The Chemistry of Love
![](https://ogden_images.s3.amazonaws.com/www.sun-courier.com/images/2022/08/25105108/LTE-logo-1024x683-2.jpg)
“Love is patient and kind; love does not envy or boast; it is not arrogant or rude.”
-I Corinthians 13:4 (ESV)
Dr. Karl Menninger, one of the most prominent psychiatrists, has said, “Love is the medicine for our sick old world.” His staff was often told that love was the most powerful things they could give their patients.
Scientists have been analyzing love in the laboratory recently. They have learned that love produces changes in body chemistry. When a male meets a female, the blood level on an amino acid, phenylalanine, leaps to a high equaled only by devouring a pound of chocolate. “People in the throes of love,” says researcher Cathy Lawhon, “call it magic, but human behaviorists attempt to define it scientifically. Theories of how chemistry works range from the biochemical effects of raised phenylalanine levels in the blood during love relationships to synchronous and harmonious personal interactional styles.”

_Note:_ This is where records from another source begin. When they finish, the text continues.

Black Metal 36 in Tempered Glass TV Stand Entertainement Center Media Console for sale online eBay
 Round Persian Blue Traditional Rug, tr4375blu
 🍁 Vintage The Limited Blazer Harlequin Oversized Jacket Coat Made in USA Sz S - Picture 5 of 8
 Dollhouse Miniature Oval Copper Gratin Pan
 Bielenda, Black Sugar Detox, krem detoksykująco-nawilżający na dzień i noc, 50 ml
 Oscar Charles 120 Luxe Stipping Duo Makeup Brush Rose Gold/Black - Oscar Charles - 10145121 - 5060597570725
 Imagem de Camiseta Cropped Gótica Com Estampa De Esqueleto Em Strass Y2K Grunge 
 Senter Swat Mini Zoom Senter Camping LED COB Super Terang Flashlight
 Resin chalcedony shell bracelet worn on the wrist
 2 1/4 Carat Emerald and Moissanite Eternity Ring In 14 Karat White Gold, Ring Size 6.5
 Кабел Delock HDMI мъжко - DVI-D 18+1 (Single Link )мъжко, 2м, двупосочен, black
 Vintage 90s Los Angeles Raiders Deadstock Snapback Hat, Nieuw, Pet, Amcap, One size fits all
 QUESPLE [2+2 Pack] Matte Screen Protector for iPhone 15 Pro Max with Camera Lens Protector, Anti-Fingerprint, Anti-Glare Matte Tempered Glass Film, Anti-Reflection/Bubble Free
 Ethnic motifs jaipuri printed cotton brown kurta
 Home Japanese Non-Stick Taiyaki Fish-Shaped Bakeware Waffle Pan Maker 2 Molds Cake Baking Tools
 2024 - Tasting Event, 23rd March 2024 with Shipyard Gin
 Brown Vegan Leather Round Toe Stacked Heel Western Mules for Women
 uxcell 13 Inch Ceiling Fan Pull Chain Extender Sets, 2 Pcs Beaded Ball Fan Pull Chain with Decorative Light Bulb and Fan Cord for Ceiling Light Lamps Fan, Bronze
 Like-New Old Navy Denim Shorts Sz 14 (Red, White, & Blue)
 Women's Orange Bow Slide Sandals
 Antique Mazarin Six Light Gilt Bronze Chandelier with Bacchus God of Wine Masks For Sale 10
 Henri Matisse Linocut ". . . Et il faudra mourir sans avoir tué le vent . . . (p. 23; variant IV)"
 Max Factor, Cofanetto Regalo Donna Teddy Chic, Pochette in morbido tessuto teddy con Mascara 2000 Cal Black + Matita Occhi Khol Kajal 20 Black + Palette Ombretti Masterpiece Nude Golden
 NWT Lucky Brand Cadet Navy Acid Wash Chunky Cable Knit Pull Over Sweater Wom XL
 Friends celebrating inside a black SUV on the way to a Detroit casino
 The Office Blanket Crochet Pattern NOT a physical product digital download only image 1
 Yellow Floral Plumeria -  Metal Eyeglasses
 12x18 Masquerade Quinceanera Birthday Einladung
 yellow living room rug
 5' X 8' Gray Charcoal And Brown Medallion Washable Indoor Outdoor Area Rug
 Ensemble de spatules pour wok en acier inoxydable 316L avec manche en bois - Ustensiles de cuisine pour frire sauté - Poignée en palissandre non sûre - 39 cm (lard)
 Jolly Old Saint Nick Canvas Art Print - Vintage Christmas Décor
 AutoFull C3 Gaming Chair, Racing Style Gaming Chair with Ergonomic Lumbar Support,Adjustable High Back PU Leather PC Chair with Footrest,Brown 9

More than 19 centuries ago, in the city of ancient Ephesus, a learned rabbi, turned missionary-preacher by the name of Paul, analyzed the chemistry of love. He mentioned a variety of ingredients which make up the real thing: patience, truthfulness, sacrifice, service, etc.
Let us recall I Corinthians 13:1-3: “If I speak in the tongues of men and of angels, but have not love, I am a noisy gong or a clanging cymbal. 2 And if I have prophetic powers, and understand all mysteries and all knowledge, and if I have all faith, so as to remove mountains, but have not love, I am nothing. 3 If I give away all I have, and if I deliver up my body to be burned, but have not love, I gain nothing.”
Consider this and you will be in the very presence of the God of love.
Pastor Gideon Gallo is the Administrative Pastor at Gladbrook Global United Methodist Church.